Но случилось то, что не могло не случиться, ибо всё тайное всегда становится явным. Баронесса фон Зутнер смутно догадывалась о существующей связи, и постепенно её догадки переросли в стойкое подозрение. Она стала следить за юными любовниками и наконец раскрыла их тайну. Это открытие её крайне раздосадовало, так как она надеялась, что её сына ожидает лучшее будущее. Тем не менее, она не стала преследовать соблазнительную воспитательницу и сумела найти подобающий её положению выход из этой щекотливой ситуации. Счастливое решение пришло в тот момент, когда она прочитала в «Neuie Freie Presse» объявление о том, что один господин ищет себе компаньонку. Оставалось только выяснить, кто этот господин.
В те времена было очень неприличным для женщины отвечать на объявления подобного рода. Баронессу, как и Берту, совсем не вдохновляла перспектива идти против приличий. Но письмо всё-таки было написано. И спустя сорок лет Берта написала в своих «Мемуарах»: «Так ещё раз в жизни я совершила то, что осуждалось общественным мнением. Ни один человек, заботящийся о своей репутации, не ответил бы на такое объявление. Но что было бы, если бы я этого не сделала?»
Итак, она ответила.
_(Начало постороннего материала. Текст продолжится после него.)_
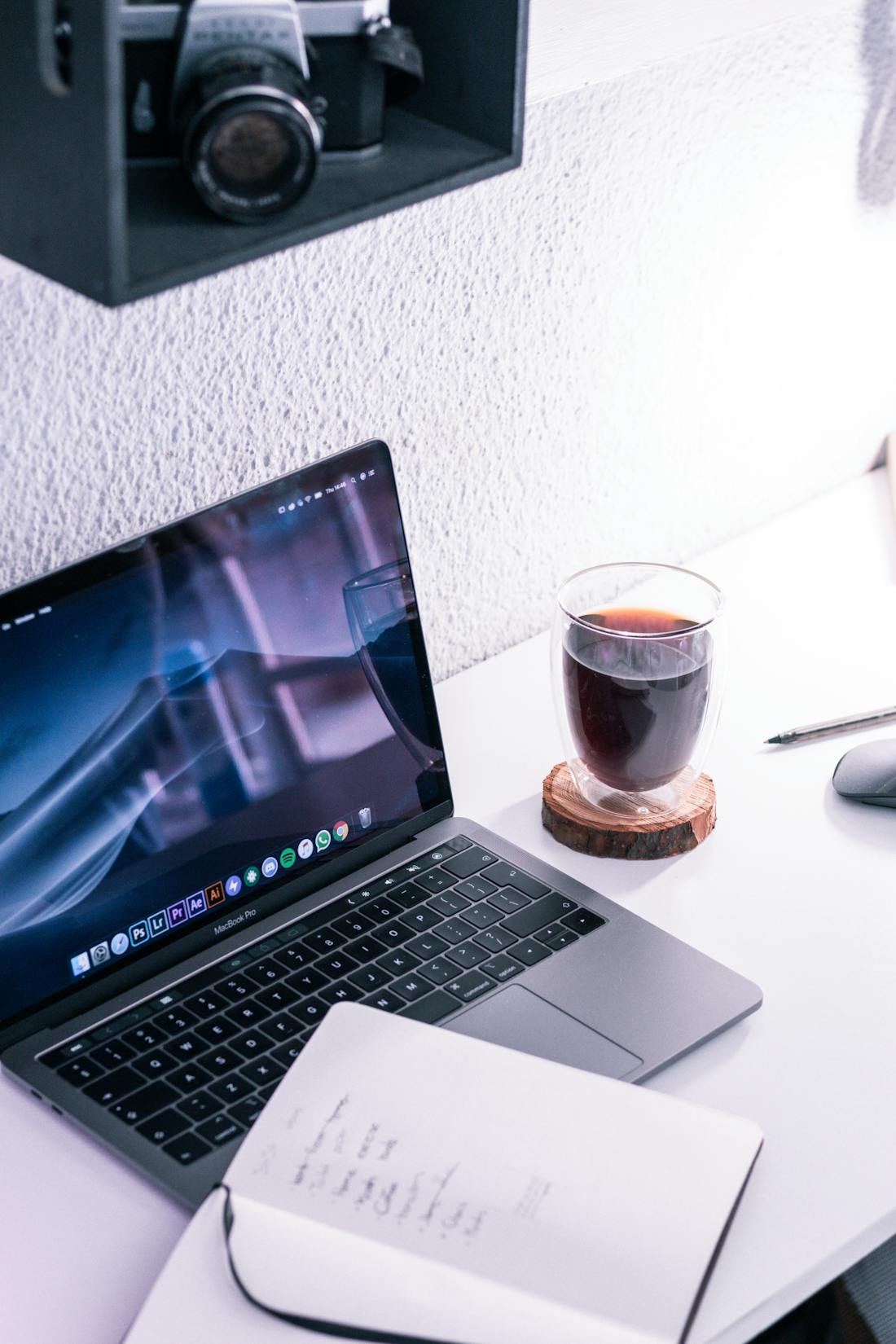 Espacio de trabajo con portátil y cuaderno de notas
В письме она поясняла, что вынуждена оставить старое место «по причинам личного характера». И в каком-то смысле это объявление пришлось кстати: что может быть более подходящим для человека, который желает забыть свою несчастную любовь, как не уехать, покинуть те места, с которыми связано так много воспоминаний, что пребывание в них становится невыносимым?
Ответ Берты положил начало её переписке с Нобелем. К сожалению, большая часть из этих писем не сохранилась. Как вспоминает Берта, Альфред писал ей «проникновенные и немного ироничные письма, полные грусти и меланхолии. У меня сразу же возник образ несчастного человека, избегающего общения и к тому же феноменально образованного, почти философа. Он одинаково хорошо писал и по-английски, и по-французски, и по-немецки».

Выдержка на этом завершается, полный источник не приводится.